OpenAI published a case study describing how immunologist Derya Unutmaz used GPT-5 Pro to resolve a three-year-old mystery about T cell behavior. The breakthrough has potential implications for cancer and autoimmune disease research. This is a first-party deployment case study from OpenAI highlighting scientific discovery use cases for their flagship model.
OpenAI published a blog post describing how GPT-5 is being used for medical research applications. The post appears to be an announcement or case study highlighting GPT-5's capabilities in a healthcare/research context. Specific details about methods, benchmarks, or outcomes are not provided in the available text.
UCLA Professor Ernest Ryu collaborated with GPT-5 to solve an open problem in optimization theory, representing a concrete example of AI-assisted mathematical research. The announcement highlights GPT-5's capability in formal reasoning and scientific discovery beyond standard benchmarks. This is an OpenAI blog post showcasing a real-world research outcome involving a frontier model.
OpenAI has published initial research cases demonstrating GPT-5's application to scientific discovery across mathematics, physics, biology, and computer science. The examples highlight human-AI collaboration in generating mathematical proofs and uncovering novel insights. This represents OpenAI's first public documentation of GPT-5's scientific research capabilities beyond general benchmarks.

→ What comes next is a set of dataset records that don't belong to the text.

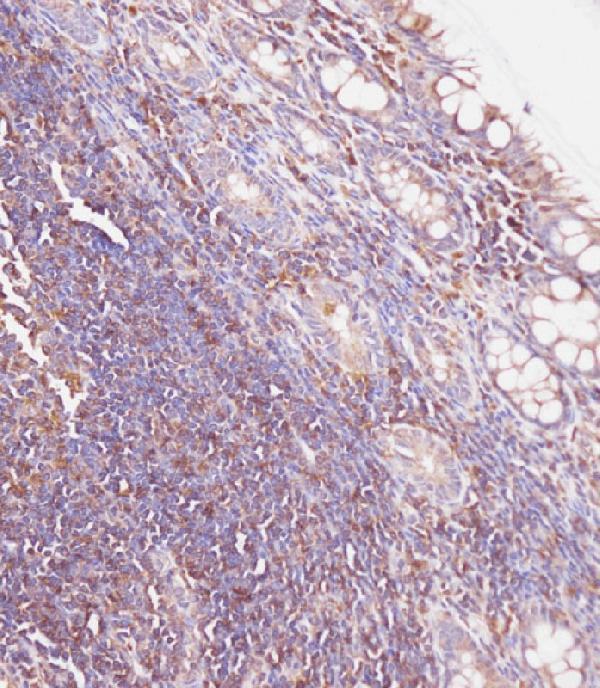 a02234 anti gusb antibody center ihc p testing 3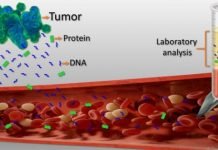 FDA Approves Liquid Biopsy Tests to Assist in Cancer Treatment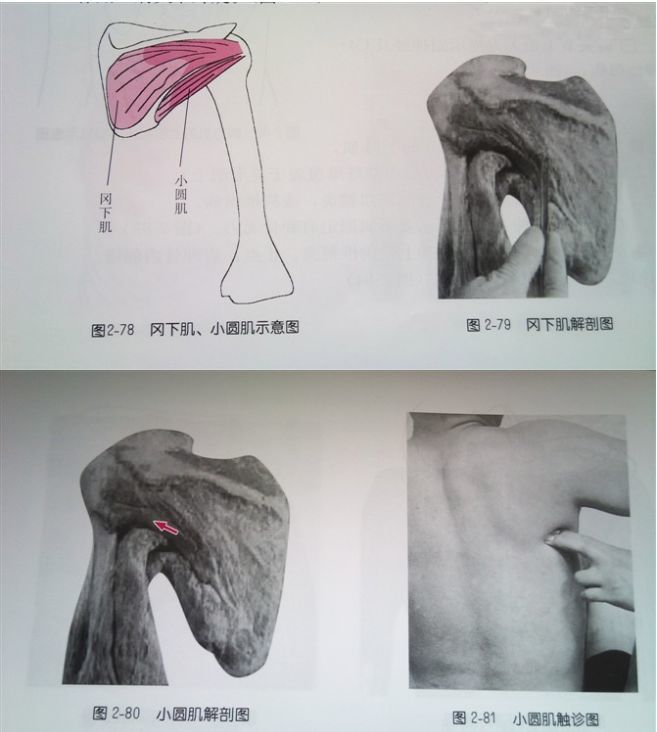 (图2-79 小圆肌:起点:肩胛骨外侧缘背面.止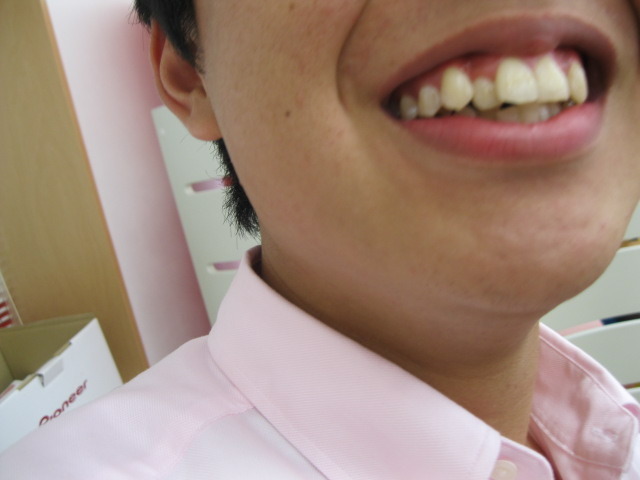 中古車販売 中古車買取 アップル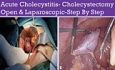 Cholécystite Aiguë et Cholécystectomie – Ouverte et Laparoscopique
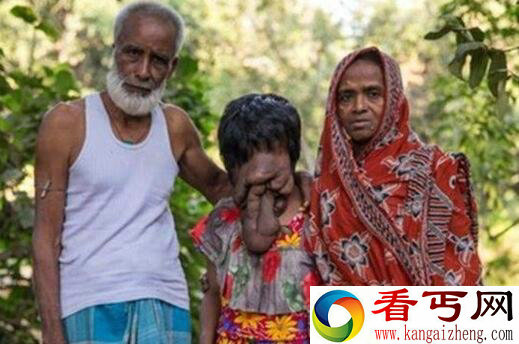 印度女子整脸长满肿瘤 连五官都不见了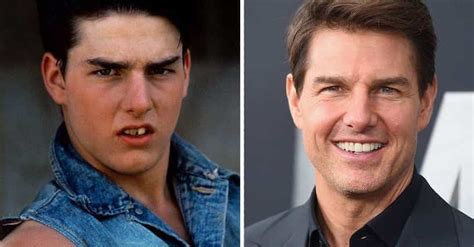 are people in tennessee known for fake teeth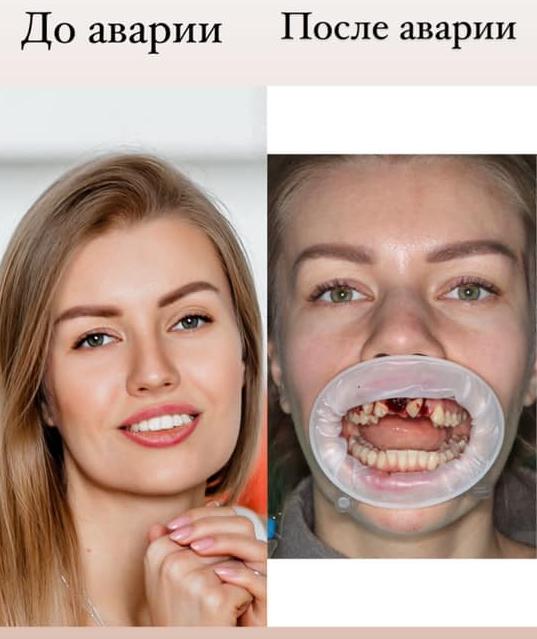 ДТП с экс-главой СЭС Киева: пострадавшая рассказала о проблемах со здоровьем после аварии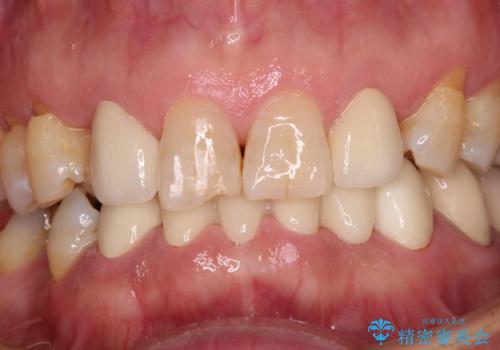 乳歯や矮小歯の多い前歯　部分矯正と補綴治療による審美歯科治療
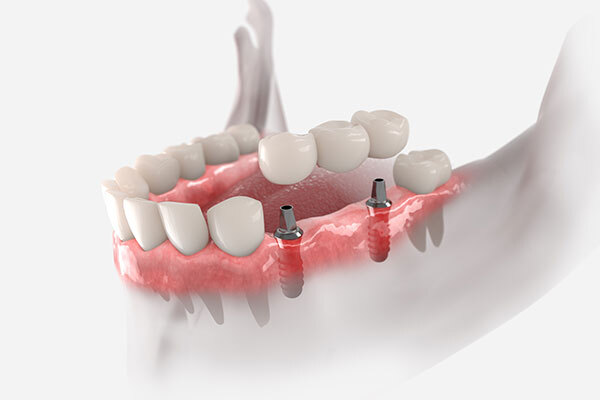 What to Expect During the Dental Implant Procedure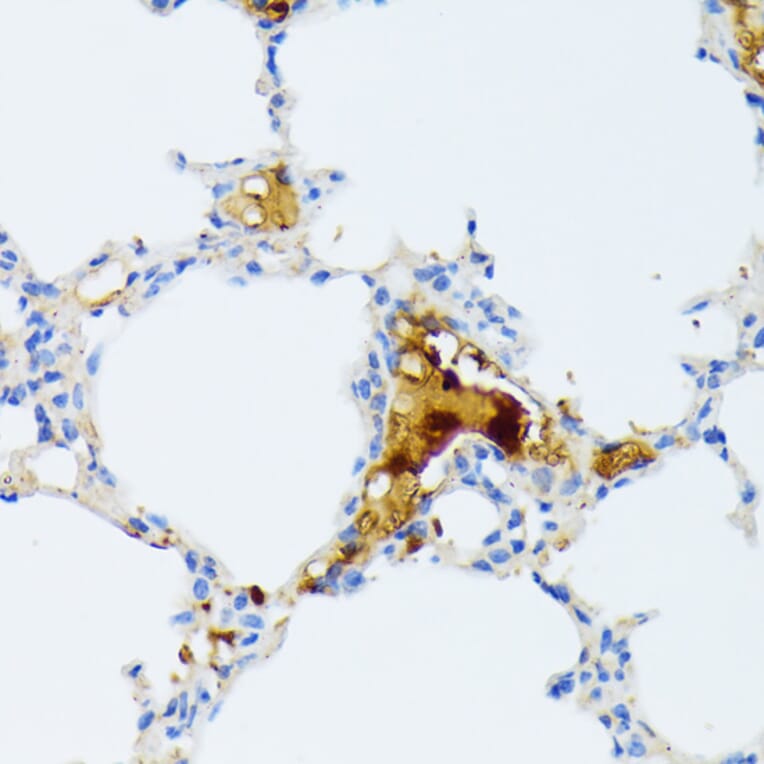 Immunohistochemistry - Anti-CTRB1 Antibody (A89085) - Antibodies.com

OpenAI collaborated with Retro Biosciences to apply a specialized model called GPT-4b micro to protein engineering tasks relevant to stem cell therapy and longevity research. The work represents a concrete application of a fine-tuned or specialized variant of GPT-4 to life sciences, specifically improving protein design effectiveness. This is a notable example of frontier AI models being deployed in wet-lab-adjacent scientific research contexts.
OpenAI released GPT-5.5 and GPT-5.5 Pro to the Chat Completions and Responses API, positioning them as frontier models for complex professional work and compute-intensive tasks respectively. GPT-5.5 supports a 1M token context window, image input, structured outputs, function calling, built-in computer use, hosted shell, MCP, web search, and Skills. Notable behavioral changes include reasoning effort defaulting to medium and extended-only prompt caching support.

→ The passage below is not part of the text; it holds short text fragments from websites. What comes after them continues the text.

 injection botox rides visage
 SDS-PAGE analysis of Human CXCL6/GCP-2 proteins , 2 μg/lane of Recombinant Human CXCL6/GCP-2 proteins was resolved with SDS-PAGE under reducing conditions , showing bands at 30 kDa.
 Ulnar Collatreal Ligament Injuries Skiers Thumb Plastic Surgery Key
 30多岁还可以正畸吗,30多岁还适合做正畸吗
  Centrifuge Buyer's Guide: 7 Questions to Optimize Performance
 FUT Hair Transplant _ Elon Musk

An autonomous laboratory system integrating OpenAI's GPT-5 with Ginkgo Bioworks' cloud automation platform achieved a 40% reduction in cell-free protein synthesis costs. The system operates via closed-loop experimentation, where the AI model iteratively designs, executes, and refines biological experiments without human intervention. This represents a concrete application of frontier LLMs to wet-lab automation and cost optimization in synthetic biology.

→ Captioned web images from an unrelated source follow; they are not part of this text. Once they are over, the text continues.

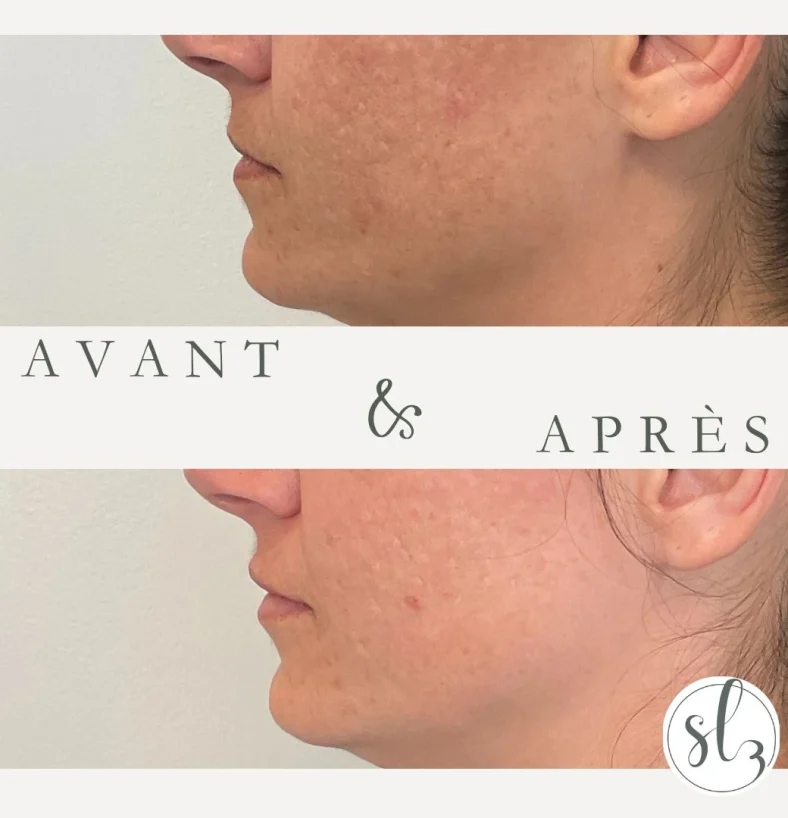 PagePromo_AvantAprès2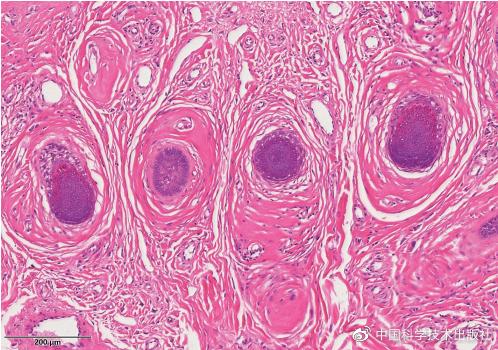 皮肤及附属器源性肿瘤,肿瘤病理诊断书
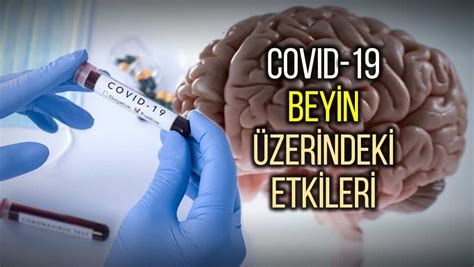 Nootropik İlaçların Beyin Üzerindeki Etkileri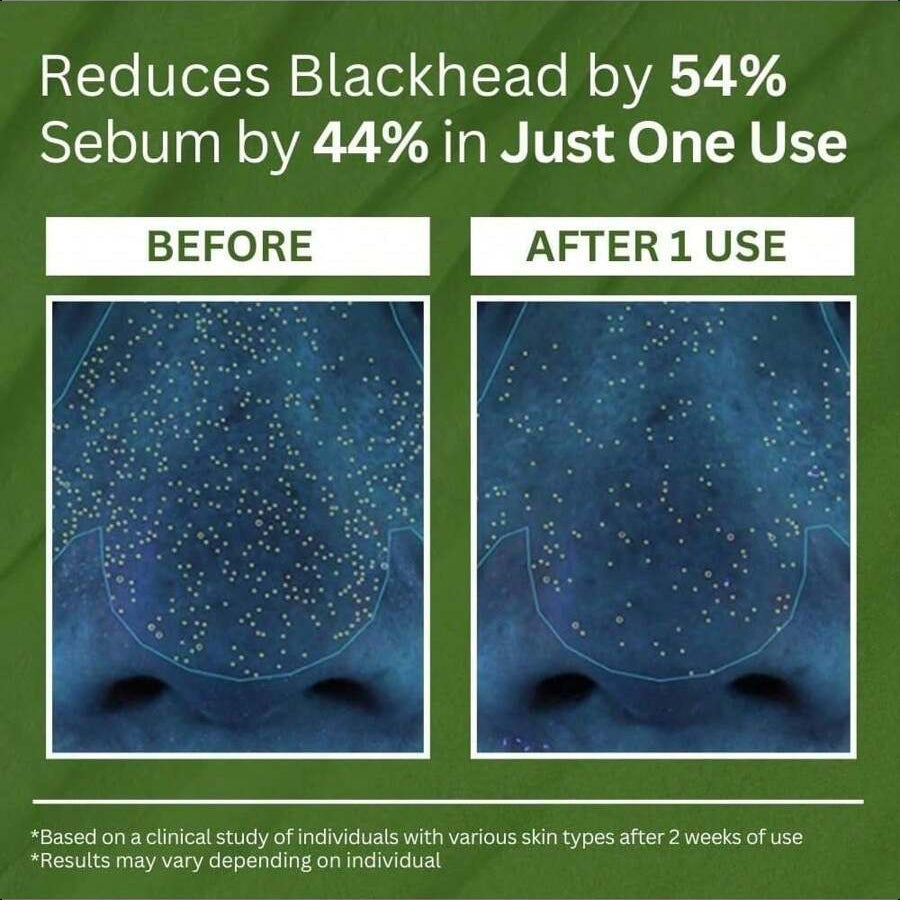 Last Day Of Discount 🔥Holy Basil Bubble Deep Mask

OpenAI released GPT-5.4 and GPT-5.4 pro to the Chat Completions and Responses API, positioning them as frontier models for professional and compute-intensive work. The release bundles several infrastructure capabilities: tool search for deferred runtime tool loading to reduce token usage and improve latency, built-in computer use via screenshot-based UI interaction, a 1M token context window, and native Compaction support for long-running agent workflows. These additions collectively advance OpenAI's agentic API surface significantly. Note: as of the current canonical facts, GPT-5.5 is the current OpenAI flagship, making this a prior-generation release.
OpenAI has announced GPT-5.5, described as their most capable model to date, with improvements in speed and reasoning targeted at complex tasks including coding, research, and data analysis. The announcement positions GPT-5.5 as a step beyond GPT-5 in OpenAI's model lineage. The blog post is brief and announcement-level, with limited technical detail provided at this stage.